Ja jestem Wyspiański ignorant
Do asesora Filipa Waschutza przychodzi Hirsz Singer - karczmarz z Bronowic. Prosi, by pomógł mu w sprawie rozwodowej. Stary Żyd postanawia zniszczyć swoje małżeństwo, ponieważ żona sprzeniewierzyła się wierze Dawidowej, udaje panią i nie chce siedzieć za szynkwasem. Córka zaś wynosi z karczmy wódkę dla krakowskich artystów lub przesiaduje z nimi w Jamie Michalika. Singer nie czuje się już Żydem. Opuściwszy rodzinne Bronowice, trafia do domu starców na Kazimierzu. Tam umiera.

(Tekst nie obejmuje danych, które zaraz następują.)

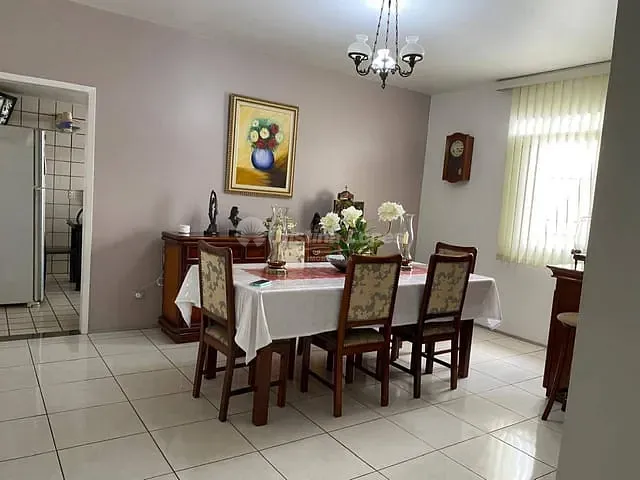 Casa 4 quartos e 5 banheiros, à venda, no bairro Jóquei em Teresina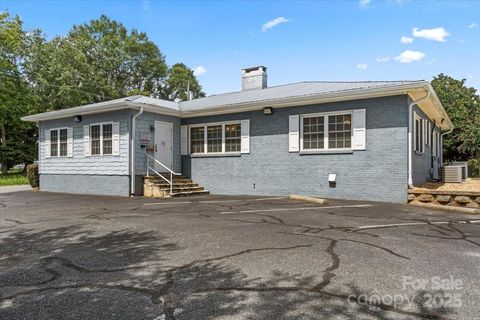 492 W Main Street Forest City NC 28043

Bronowickiego Hirsza unieszczęśliwił poeta Stanisław Wyspiański. Bez pytania wsadził go do swojego dramatu "Wesele" i z prostego, nie wadzącego nikomu człowieka uczynił postać literacką. Wcisnął w usta bohatera jakąś historię o zaległych dzierżawach, stylizując go na złodzieja i chciwca, a z córki Pepki zrobił melancholijną i nawiedzoną Rachelę. Krótko mówiąc: zadrwił z nich. Co najgorsze Pepka dała się ponieść drwinie i uwierzywszy w swój kostium literacki, zaczęła na serio udawać postać z dramatu. Pomału wszystkim poprzewracało się w głowach, miastowi postanowili zgrywać się na chłopów, Żydzi chcieli grać panów, każdy chciał być kimś innym niż był. Jedyny Hirsz Singer zdecydował się na zachowanie tożsamości. Dlatego musiał umrzeć.

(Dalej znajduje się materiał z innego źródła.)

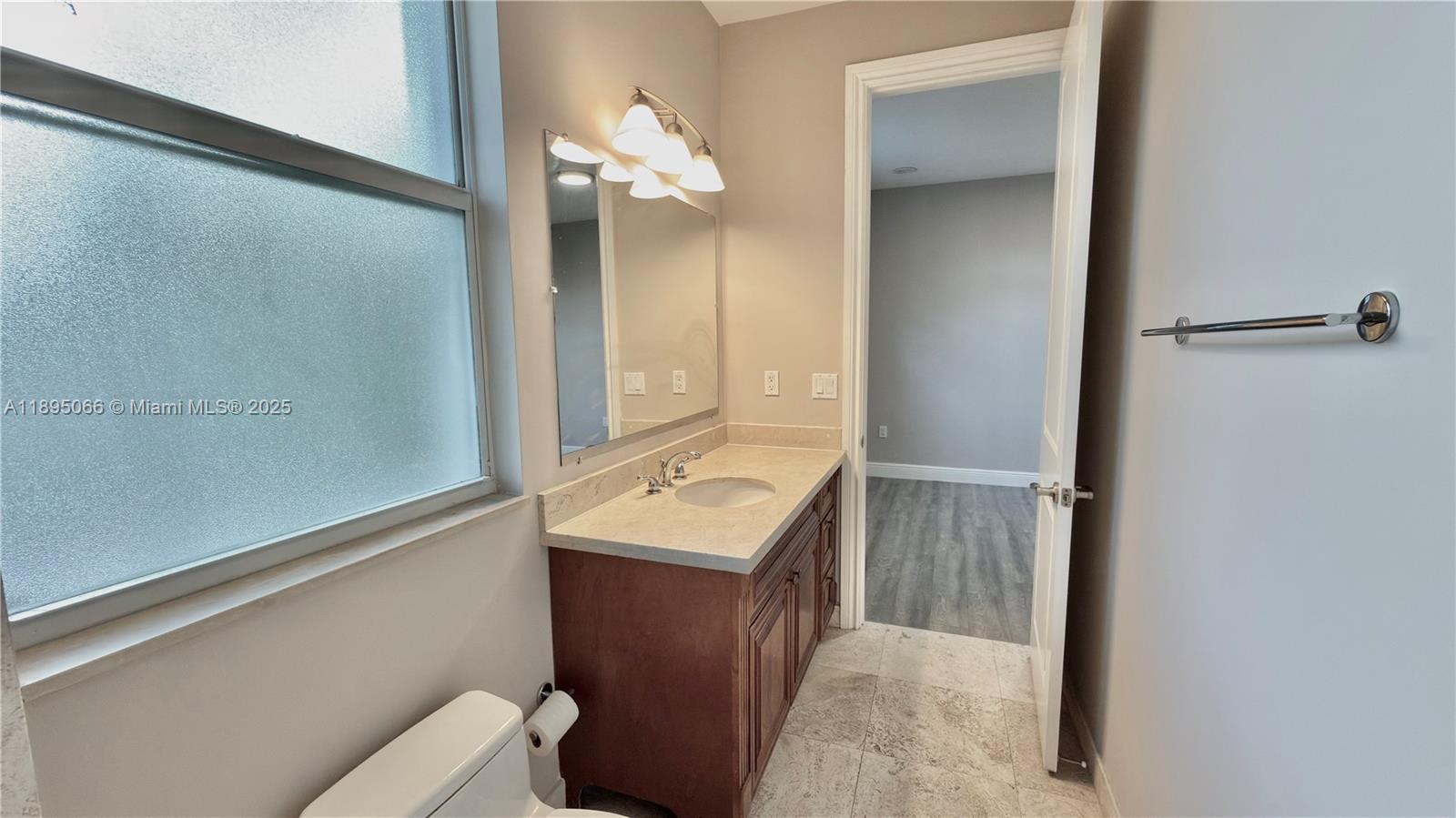 LAUDERDALE - Residential Lease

Wyspiańskiemu nigdy nie przyszło do głowy, by zainteresować się losami Żyda z "Wesela". Może nawet nie przypuszczał, że stał się on ofiarą fikcyjnych sztuczek, że jego rodzina straciła rozeznanie między rzeczywistością a teatrem. Przypisywał sobie raczej niebagatelne zasługi w rozsławieniu jego imienia. Och, ten mistrz Wyspiański! Niby taki dobry pisarz, a taki ignorant!

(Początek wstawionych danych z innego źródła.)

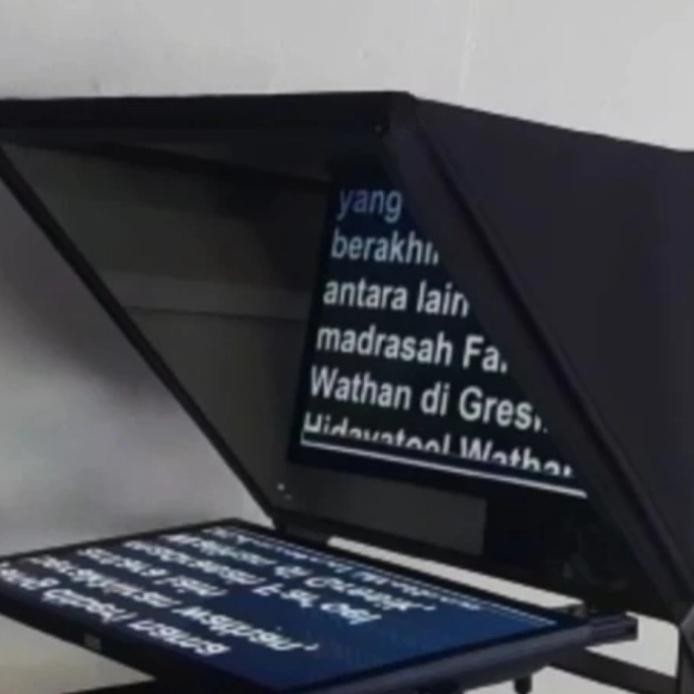 

TERBARU! Paket Teleprompter + Stand/Tripod Lokal Dian Mitra DM 19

Historię rodzinnej degradacji, wg Romana Brandstaettera, opowiada na scenie przy ul. Sławkowskiej Jerzy Nowak. Któż zresztą inny mógłby zagrać tę bezbronną, sponiewieraną i smutną postać? Aktor, znany z wielu niepowtarzalnych kreacji żydowskich, nie ma sobie równego pośród plejady najlepszych artystów scen polskich. Filipa Waschutza kreuje w przedstawieniu Starego Teatru Tadeusz Malak (jednocześnie reżyser spektaklu). Asesor to człowiek dystyngowany i spokojny, traktujący swą obecność na scenie jedynie jako przygrywkę do wielkich monologów głównego bohatera. Poprzez kontrastowy dobór postaci, bardzo zróżnicowaną grę obu aktorów, spektakl nabiera rumieńców i treści. Nie jest to dzieło wybitne, bo i nie ma takich ambicji. Chodzi raczej o przyczynek do wspomnień o tym, co działo się w Krakowie, gdy bibliotekarzami byli Rydlowie, Akademią Sztuk Pięknych rządzili Tetmajerowie, a teatrem Pawlikowscy. Żeby wejść w klimat Młodej Polski wystarczy, jak się okazuje, dramatyczny dwugłos dobrych aktorów. Całe "Wesele" można natomiast obejrzeć w spektaklu Andrzeja Wajdy na dużej scenie Starego Teatru.